- _TO DO_
Without the images, write out the whole listing exactly.

- _DATA EXTRACT_
========
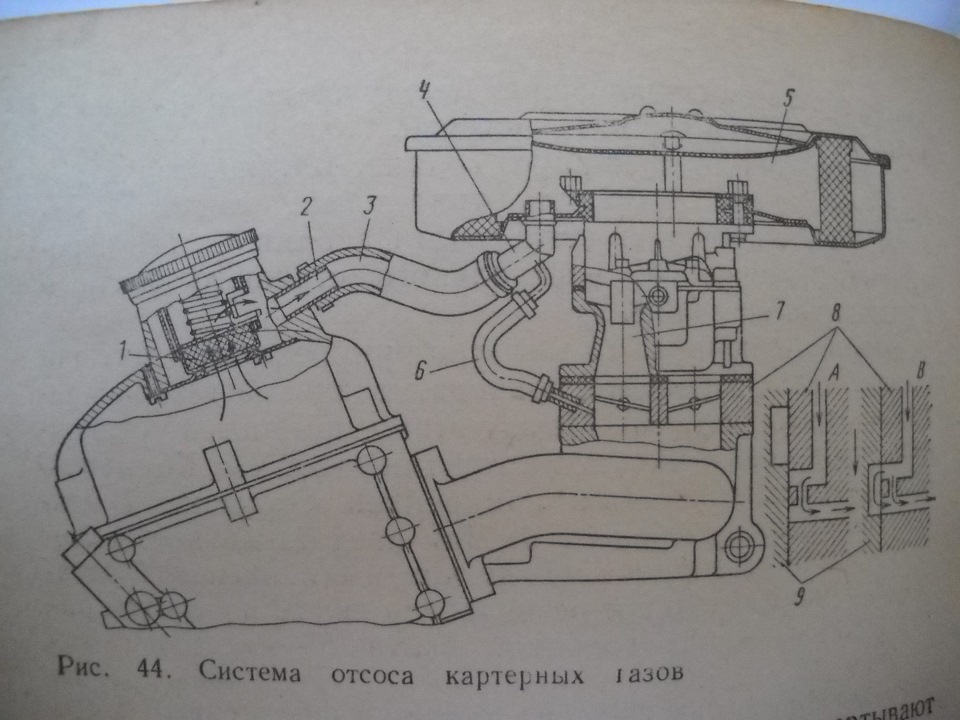 Отсос Картерных Газов – Telegraph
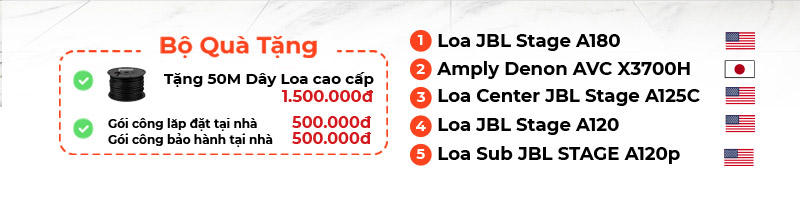 Chú thích Dàn xem phim 5.1 JBL, Denon AT-GD14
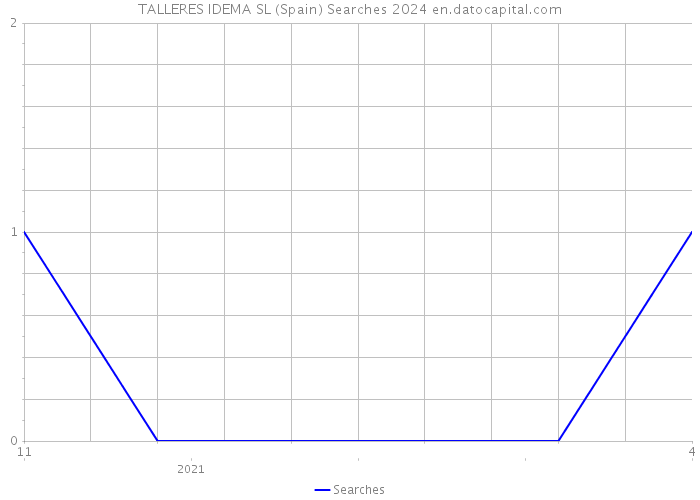 TALLERES IDEMA SL (Spain) Searches 2024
========
- _WRITTEN RESPONSE_
 Отсос Картерных Газов – Telegraph
 Chú thích Dàn xem phim 5.1 JBL, Denon AT-GD14
 TALLERES IDEMA SL (Spain) Searches 2024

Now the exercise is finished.